With the average American commuter in a vehicle for 90 minutes each day -- and up to five hours in New York or the San Francisco Bay Area -- autos will become a common place to seek information from the Internet, he added.
Trade show attendees should get used to seeing auto makers at computer events -- Mercedes-Benz is the official automotive sponsor of this year's Comdex -- as the two industries begin to cooperate more.
When it comes to reliability in hostile environments, Enders said, the automotive system is ahead of the IT industry: embedded computers in cars continue to operate in baking-hot temperatures or while sprayed with water. "Your PC can't do that," he said.
"The power of combining the marketing expertise and the technological innovation of both our industries could be exponential," Enders said. "Don't be surprised to see more of the likes of me at future computer trade shows," he added.
Mercedes and some other automakers already are using GPS (global positioning system) information and mobile connectivity to provide emergency services and directions to drivers, and the range of services soon will expand, Enders said. Internet connectivity will help expand the offerings to include data such as dining recommendations, entertainment programs and even maps that keep up with construction obstacles and other changes on a driver's commute route, he added.

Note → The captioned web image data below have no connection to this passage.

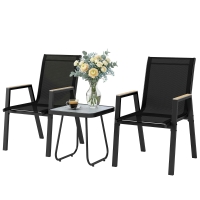 Outsunny Ensemble bistro extérieur 3 pièces, table avec pieds réglables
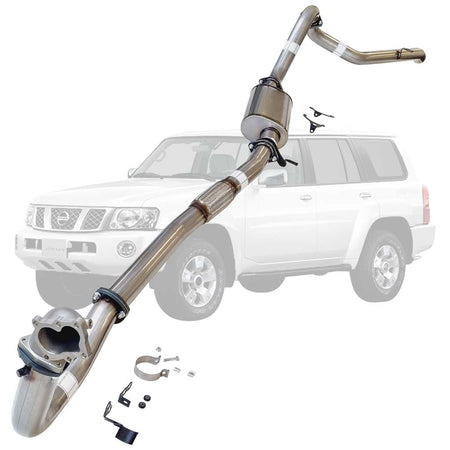 Nissan Patrol Y61 GU TD42 Wagon 3 Inch Turbo Back Exhaust with Stainless Cast Dump Pipe with mounting hardware and vehicle outline.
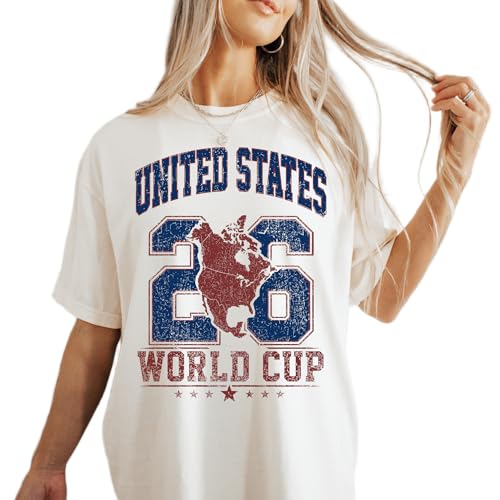 USA Soccer Fan Graphic T-Shirt Vintage American Football Supporter World 2026 Cup Tournament Tee Ivory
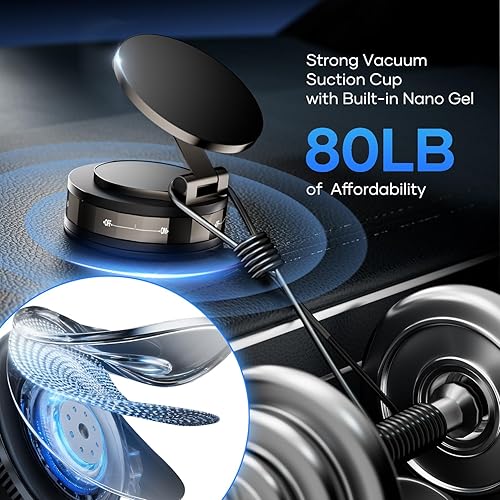 Miniatura 3 de Soporte magnético de teléfono para automóvil Magsafe, giratorio en 360, ventosa de vacío de 70+libras con nano gel incorporado, soporte magnético de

"Cars have become the next big untapped platform for mobile e-services," Enders said.
The key to making auto Internet services useful will be to deliver information filtered according to a driver's location and, most importantly, preferences, he explained.
"Marketing a swanky new Asian restaurant to a driver based on their proximity is a no-brainer today. But [in future], we will be able to do it only to drivers who like Asian food," he said.
Speaking after the presentation, Enders said that dynamic mapping based on federated computing could have the answer to the eternal parking space question.
"That application I can see extending to parking spaces. ...You would know if a vehicle was in a space or not," Enders said. But wouldn't that result in a race for spaces between all drivers subscribing to the service? "Things aren't perfect. This is not a perfect solution," he concluded.